China’s banking watchdog is clamping down on lending for land deals in Shanghai, amid a central government campaign to deleverage the property sector. A circular recently issued by the Shanghai branch of the China Banking Regulatory Commission (CBRC) has warned banks to comply with restrictions on real estate lending, according to reports.
Loans for mergers and acquisitions in Shanghai have grown rapidly, and a significant number of them are channelled into acquiring building sites, the regulator said. The notice issued on January 24 reminds banks that using this capital to buy land violates the Guidelines on the Risk Management of M&A Loans of Commercial Banks issued by the CBRC in 2015.
CBRC Targets Debt-Fuelled Land Acquisitions
The circular stipulates that banks must ensure loans are not used in transactions where land is the main underlying asset, according to an account by the South China Morning Post. In addition, M&A lending cannot be used for property projects in which less than 25 percent of the budgeted investment has been completed.
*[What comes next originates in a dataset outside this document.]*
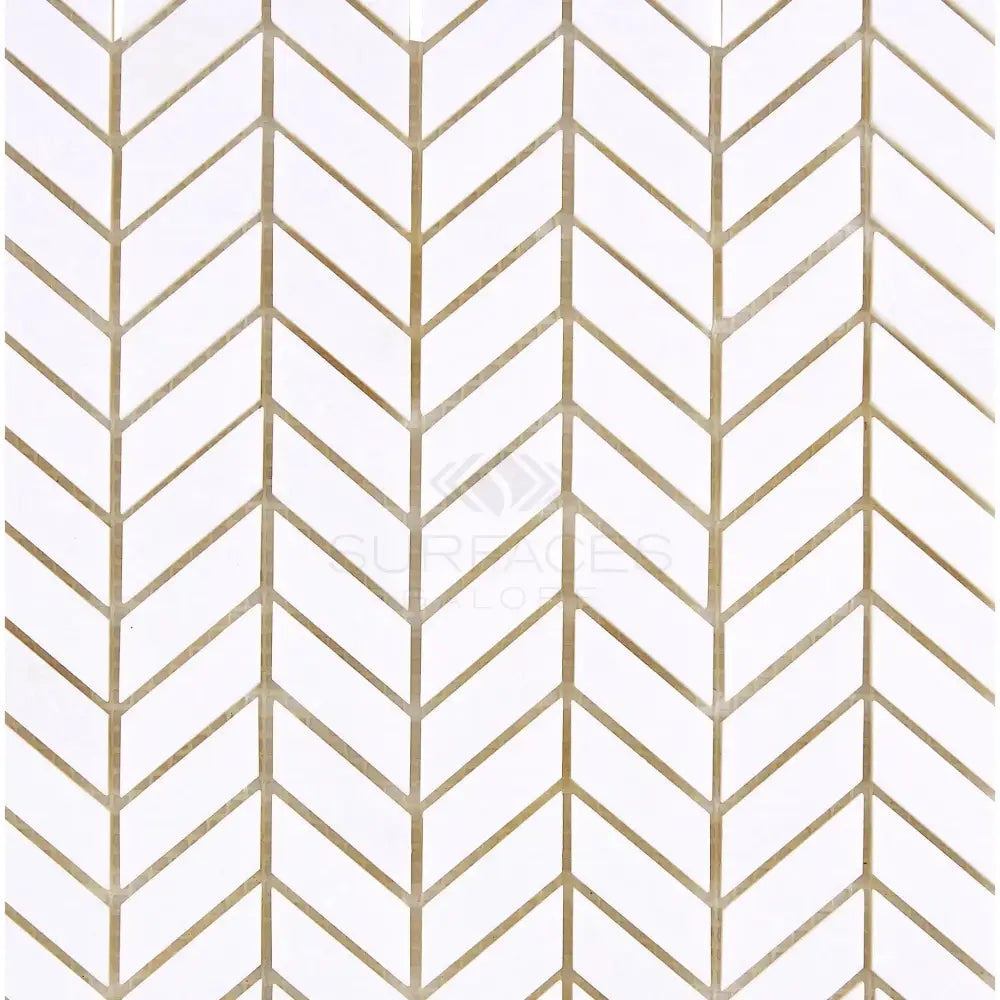Chevron patterned tile from Thassos Supreme Mini Mosaic Marble collection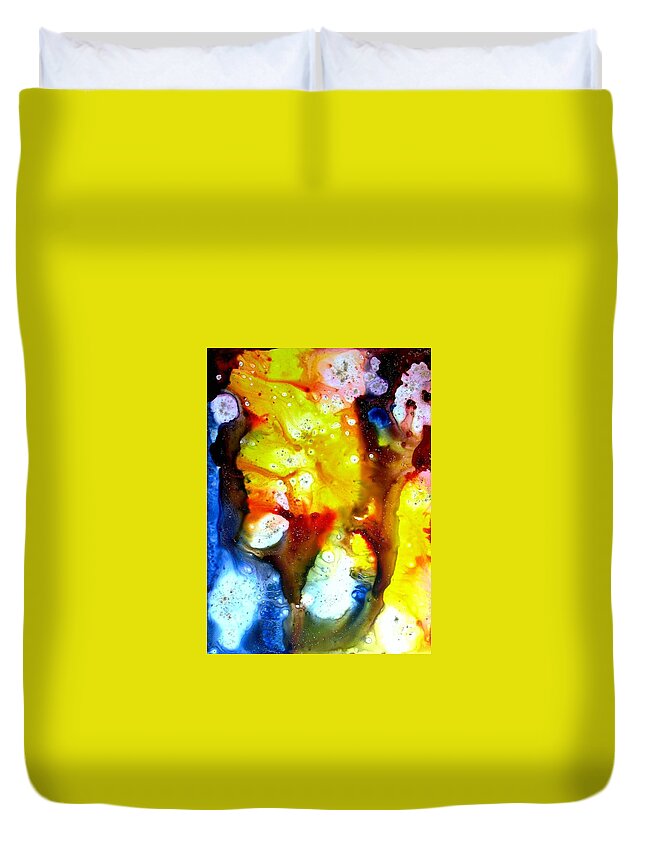 Abstract Duvet Cover featuring the painting Light Up The Sky by Louise Adams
Associated lenders and borrowers must also be disclosed when funds from M&A loans are used to acquire stakes in property companies.
The CBRC further warned banks not to lend to property projects without the required permits for land use, planning, construction and pre-sale. Loans may not be extended to projects that have not paid the full amount of land acquisition fees, in order to prevent banks from financing land purchases indirectly, the directive says. Chinese law forbids using borrowed funds to purchase land at government auctions.
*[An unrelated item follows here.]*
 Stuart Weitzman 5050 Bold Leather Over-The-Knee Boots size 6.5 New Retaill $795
Banking Watchdog on Anti-Leverage Drive
The CBRC notice forms part of the regulator’s campaign to maintain financial stability by stemming the mounting tide of debt in the real estate sector. China’s property developers are scrambling to refinance their debts after spending a record RMB 646 billion ($103 billion) in 2017 buying up competitors or their assets in the country, according to Bloomberg data. Mainland homebuilders China Evergrande Group and Sunac China have emerged as the kings of leverage, with net debt-to-equity ratios of 240 percent and 394 percent, respectively, as of last September.
In July, the CBRC verbally instructed commercial banks to review their credit exposure to Tianjin-based Sunac, prompting China Construction Bank to freeze the sale of a Sunac financial product and cancel a RMB 1.5 billion ($222.1 million) trust loan to the firm. The banking watchdog also targetted Dalian Wanda Group, HNA Group and Fosun, among the mainland’s most prominent overseas investors, asking financial institutions to review borrowing by the conglomerates and report on any potential dangers.